Construction startup Matrak scores $765,000 in seed funding, including from high-profile investor who backed Canva and Redbubble

Matrak co-founders Brett and Shane Hodgkins. Source: Supplied.

Construction workflow management startup Matrak has secured $765,000 in seed funding, with the lion’s share coming from former Aconex chair Simon Yencken, who has previously backed Aussie unicorn Canva and art marketplace success story Redbubble.

The $765,000 is comprised of investment from Yencken, who was a board member at project collaboration platform Aconex for 18 years and chair between 2011 and 2014, as well as members of Melbourne Angels and several other private investors.

The round represents a significant oversubscription for the seed round, with co-founders and brothers Shane and Brett Hodgkins initially looking to raise $450,000.

Matrak aims to give construction companies more visibility of the projects they’re working on, allowing manufacturers, suppliers and installers to track deliveries of materials, and to improve communication between different parties.

The concept was born on a construction site in 2013, when Brett was working for his father’s window installation company part-time while he finished up his master’s degree in computer science.

The company was working on a highrise building, installing two-metre tall windows requiring 10 people and a crane to fit them. It was a big site but there was “no way of keeping track of what had been sent to site, aside from paper dockets”, Shane tells StartupSmart.

“For [Brett’s] own sanity, he built an app to be able to keep track of all the deliveries, shipments and materials,” Shane says.

The initial app “helped Dad’s company a lot”, and soon both the multinational supplier for the site and the construction company running the job were asking about it, as they were looking for something similar themselves.

At that time, Shane, who had been working in software development for 12 years, was having a lot of conversations with Brett about how the original app could scale.
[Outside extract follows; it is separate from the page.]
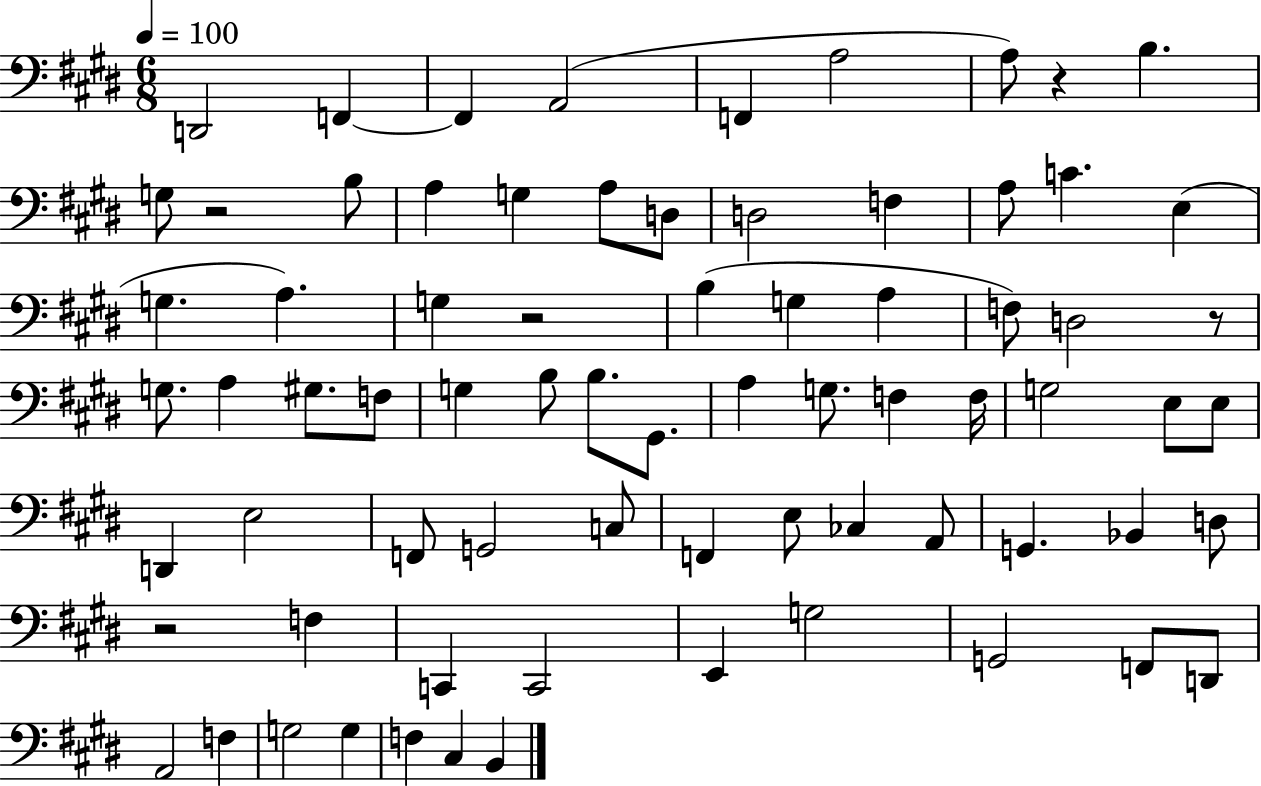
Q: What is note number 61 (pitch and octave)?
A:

“Construction has been left behind a bit in terms of access to data and technology and more mature ways of managing your processes,” Shane says.
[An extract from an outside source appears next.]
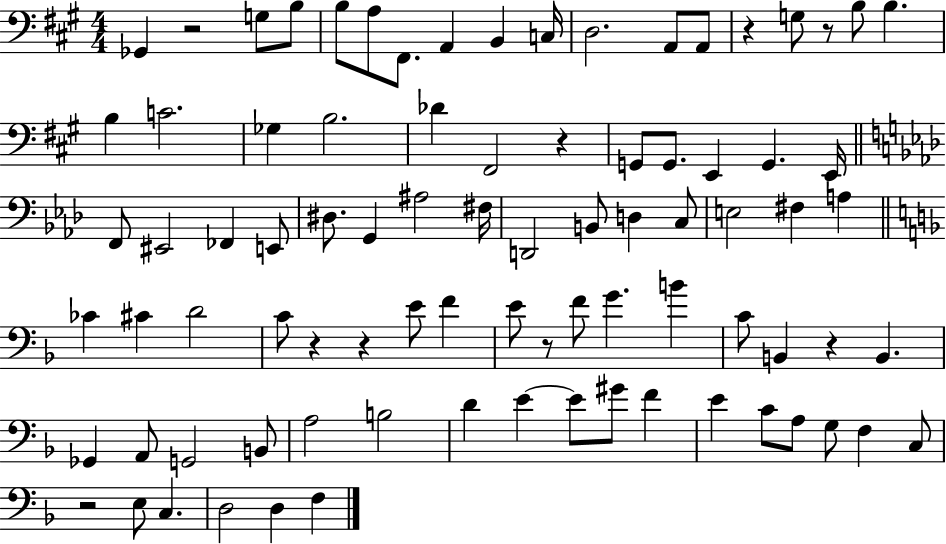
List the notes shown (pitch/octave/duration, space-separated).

Gb2/q R/h G3/e B3/e B3/e A3/e F#2/e. A2/q B2/q C3/s D3/h. A2/e A2/e R/q G3/e R/e B3/e B3/q. B3/q C4/h. Gb3/q B3/h. Db4/q F#2/h R/q G2/e G2/e. E2/q G2/q. E2/s F2/e EIS2/h FES2/q E2/e D#3/e. G2/q A#3/h F#3/s D2/h B2/e D3/q C3/e E3/h F#3/q A3/q CES4/q C#4/q D4/h C4/e R/q R/q E4/e F4/q E4/e R/e F4/e G4/q. B4/q C4/e B2/q R/q B2/q. Gb2/q A2/e G2/h B2/e A3/h B3/h D4/q E4/q E4/e G#4/e F4/q E4/q C4/e A3/e G3/e F3/q C3/e R/h E3/e C3/q. D3/h D3/q F3/q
“There was an opportunity to provide a lot of the services other industries have had for decades,” he adds.

“We decided that was something we could build.”
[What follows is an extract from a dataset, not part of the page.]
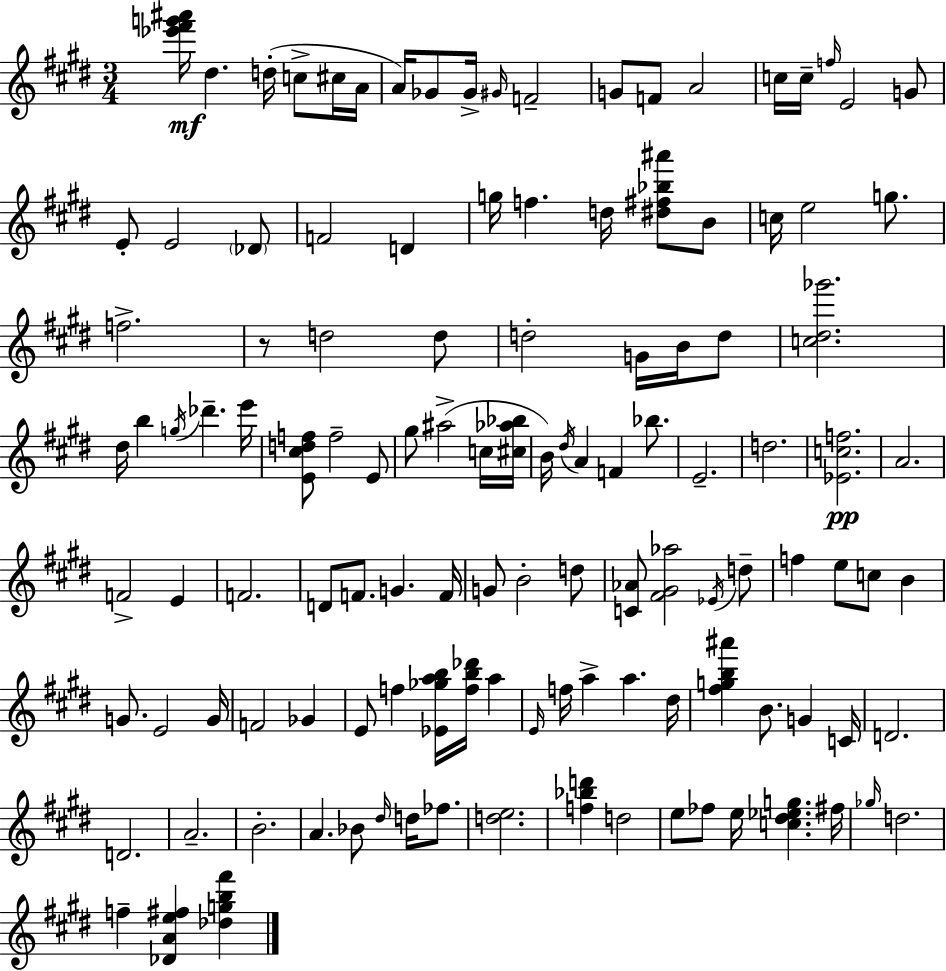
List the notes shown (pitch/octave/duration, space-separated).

[Eb6,F#6,G6,A#6]/s D#5/q. D5/s C5/e C#5/s A4/s A4/s Gb4/e Gb4/s G#4/s F4/h G4/e F4/e A4/h C5/s C5/s F5/s E4/h G4/e E4/e E4/h Db4/e F4/h D4/q G5/s F5/q. D5/s [D#5,F#5,Bb5,A#6]/e B4/e C5/s E5/h G5/e. F5/h. R/e D5/h D5/e D5/h G4/s B4/s D5/e [C5,D#5,Gb6]/h. D#5/s B5/q G5/s Db6/q. E6/s [E4,C#5,D5,F5]/e F5/h E4/e G#5/e A#5/h C5/s [C#5,Ab5,Bb5]/s B4/s D#5/s A4/q F4/q Bb5/e. E4/h. D5/h. [Eb4,C5,F5]/h. A4/h. F4/h E4/q F4/h. D4/e F4/e. G4/q. F4/s G4/e B4/h D5/e [C4,Ab4]/e [F#4,G#4,Ab5]/h Eb4/s D5/e F5/q E5/e C5/e B4/q G4/e. E4/h G4/s F4/h Gb4/q E4/e F5/q [Eb4,Gb5,A5,B5]/s [F5,B5,Db6]/s A5/q E4/s F5/s A5/q A5/q. D#5/s [F#5,G5,B5,A#6]/q B4/e. G4/q C4/s D4/h. D4/h. A4/h. B4/h. A4/q. Bb4/e D#5/s D5/s FES5/e. [D5,E5]/h. [F5,Bb5,D6]/q D5/h E5/e FES5/e E5/s [C5,D#5,Eb5,G5]/q. F#5/s Gb5/s D5/h. F5/q [Db4,A4,E5,F#5]/q [Db5,G5,B5,F#6]/q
The brothers bootstrapped the company for the first couple of years, taking turns to work on the app and to bring in a pay cheque, before they officially launched the product in November 2016 and both started working full-time on the system.

Now, they have customers using Matrak throughout Australia and in China, and have recently started working with their first client in the US. To date, the app has tracked around $4 billion worth of construction materials.

“A lot of people are really excited to work a bit more sensibly,” Shane says.

The brothers started the process of fundraising about a year ago, and having closed this first seed round, Shane says he and the team have set some targets of what to do to expand into more of the Australian market over the next 12 months.

The funds will be focused on improving user interface and onboarding new customers, as well as working on new machine-learning enabled capabilities.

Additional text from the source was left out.